_TASK ITEM:_
The result should hold only the lines from the one with "bathroom with a" through the final line of the data below, transcribed exactly, pictures left out.

_INFORMATION PROVIDED:_
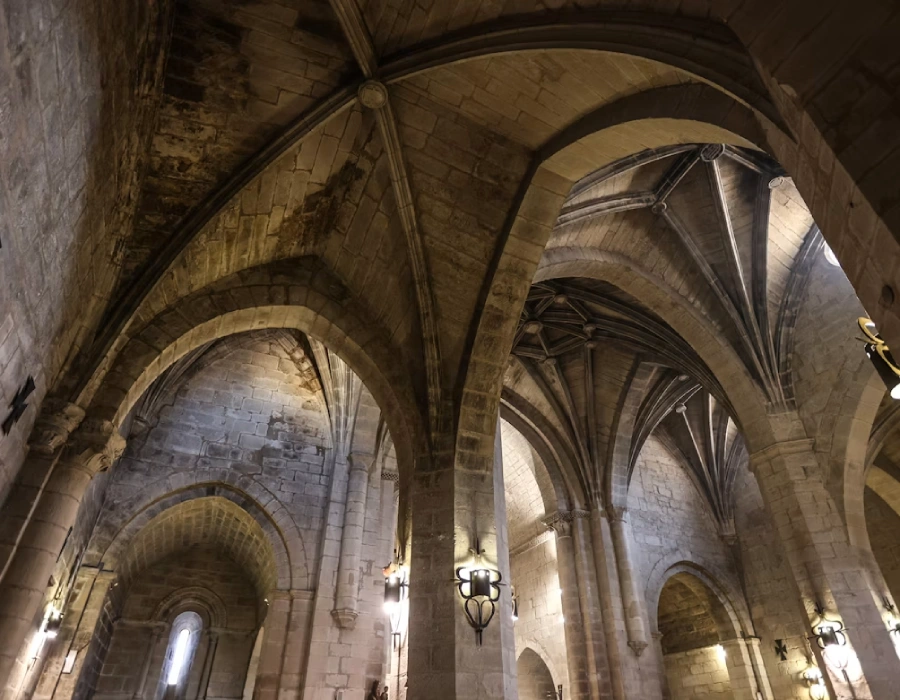 Interior de una catedral con b&oacute;vedas de piedra y arcos ojivales.
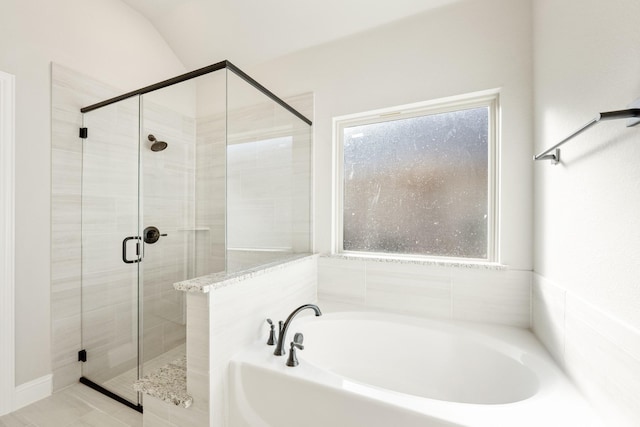 bathroom with a healthy amount of sunlight, lofted ceiling, and independent shower and bath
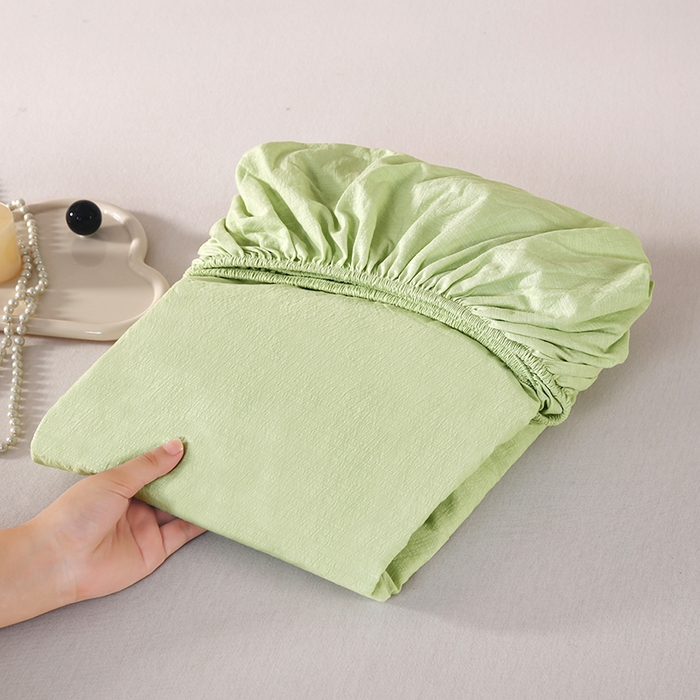 91家纺网 家纺一手货源 找家纺 一诺家居 2025新款A类云感双层纱纯色床笠针织棉母婴级裸睡床笠三件套 量大可优惠 豆蔻绿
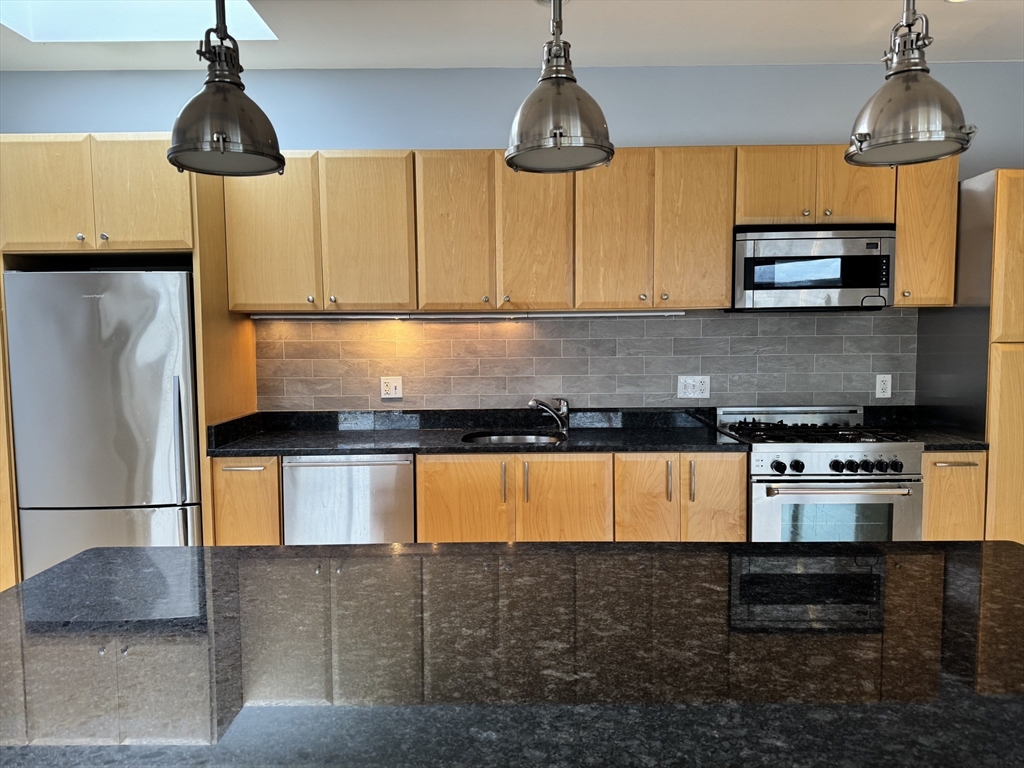 950 Dorchester Avenue, Unit 304 Boston, MA 02125 - Photo 9 of 42 a kitchen with stainless steel appliances granite countertop a stove a sink and a refrigerator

_EXERCISE RESPONSE:_
 bathroom with a healthy amount of sunlight, lofted ceiling, and independent shower and bath
 91家纺网 家纺一手货源 找家纺 一诺家居 2025新款A类云感双层纱纯色床笠针织棉母婴级裸睡床笠三件套 量大可优惠 豆蔻绿
 950 Dorchester Avenue, Unit 304 Boston, MA 02125 - Photo 9 of 42 a kitchen with stainless steel appliances granite countertop a stove a sink and a refrigerator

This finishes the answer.